--- RECORDS ---
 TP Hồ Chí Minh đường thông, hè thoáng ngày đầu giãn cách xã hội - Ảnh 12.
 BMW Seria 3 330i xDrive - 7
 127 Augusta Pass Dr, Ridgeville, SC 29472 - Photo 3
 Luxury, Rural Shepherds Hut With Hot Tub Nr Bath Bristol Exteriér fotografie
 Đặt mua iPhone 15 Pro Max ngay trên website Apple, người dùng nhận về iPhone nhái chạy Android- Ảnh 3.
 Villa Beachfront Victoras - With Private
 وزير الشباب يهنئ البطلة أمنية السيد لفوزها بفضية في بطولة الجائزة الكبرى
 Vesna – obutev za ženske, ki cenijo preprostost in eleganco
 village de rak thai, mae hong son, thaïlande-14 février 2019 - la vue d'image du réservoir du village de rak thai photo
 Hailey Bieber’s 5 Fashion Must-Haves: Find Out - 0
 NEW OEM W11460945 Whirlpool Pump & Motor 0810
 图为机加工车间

--- THE PROBLEM ---
Only a number is wanted here: how many lines of the records above include the string "With"?

--- SOLUTION ---
2